### Your task
Word for word, restate the records from their first line through the line with "Four diverse professionals", both ends included; omit each picture.

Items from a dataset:
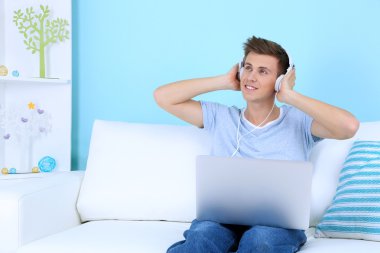 adam kanepede oturan ve üzerinde mavi arka plan müzik dinlemek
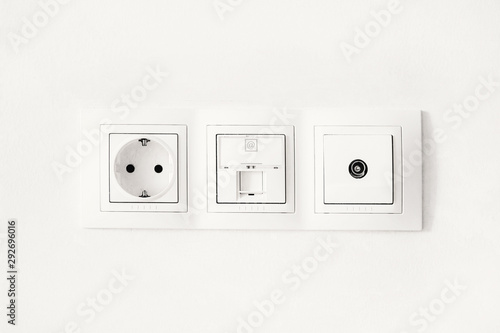 sockets with antenna cable and internet on a white wall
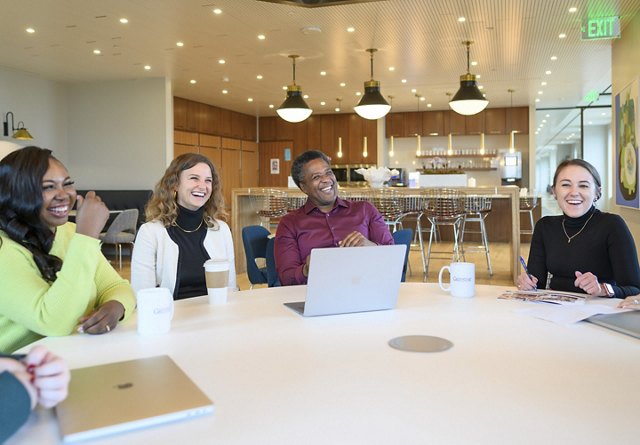 Four diverse professionals smiling and engaging in a lively discussion around a table in a bright, modern office kitchen area.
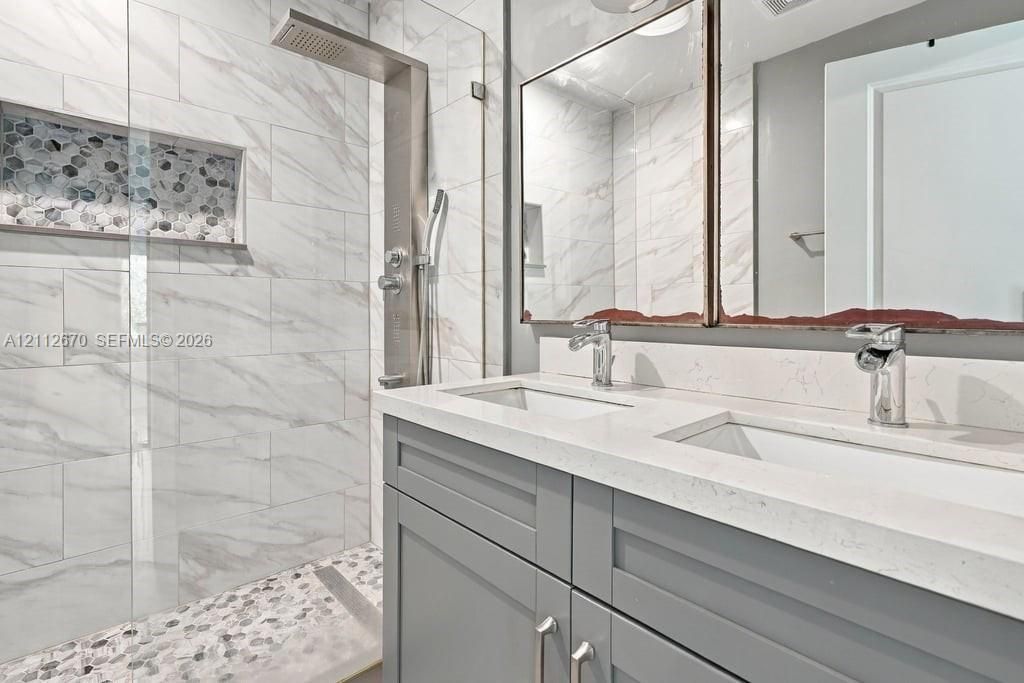 Double vanity with quartz countertop, walk-in shower with stone-tile flooring, inset wall niche, rainfall showerhead, and dual polished-chrome faucets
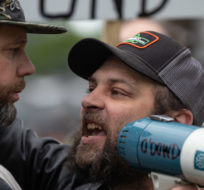 A man, right, who was attending a protest with people opposed to COVID-19 restrictions yells in the face of a counter-protester after he interrupted their event, in Vancouver, on Sunday, May 3, 2020. Darryl Dyck/The Canadian Press.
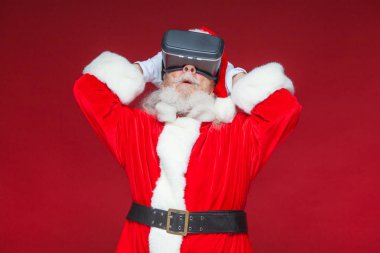 Noel. Noel Baba siyah sanal gerçeklik bardaklarda elleriyle hareketleri yapar. Sürpriz, duygu. Yeni teknoloji. Kırmızı zemin üzerine izole.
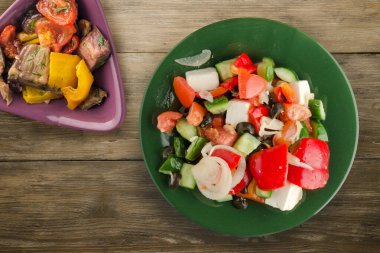 Kahverengi ahşap arka planda Yunan salatası. Vejetaryen salata manzaralı yeşil tabakta Yunan salatası. sağlıklı yiyecekler
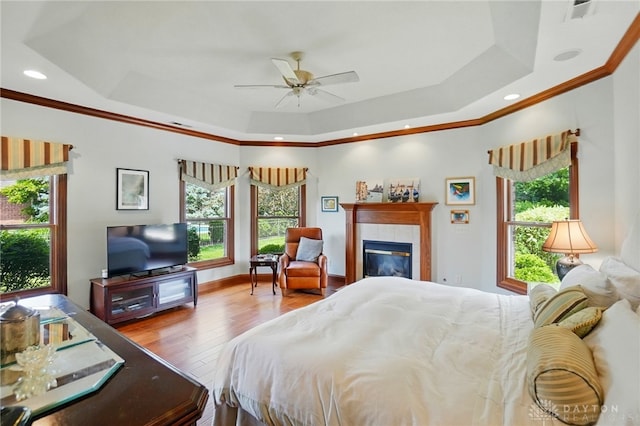 1106 Roger Scott Dr, Bellbrook, OH 45305 - bedroom with multiple windows, wood finished floors, a tray ceiling, ornamental molding, and a tile fireplace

### Solution
 adam kanepede oturan ve üzerinde mavi arka plan müzik dinlemek
 sockets with antenna cable and internet on a white wall
 Four diverse professionals smiling and engaging in a lively discussion around a table in a bright, modern office kitchen area.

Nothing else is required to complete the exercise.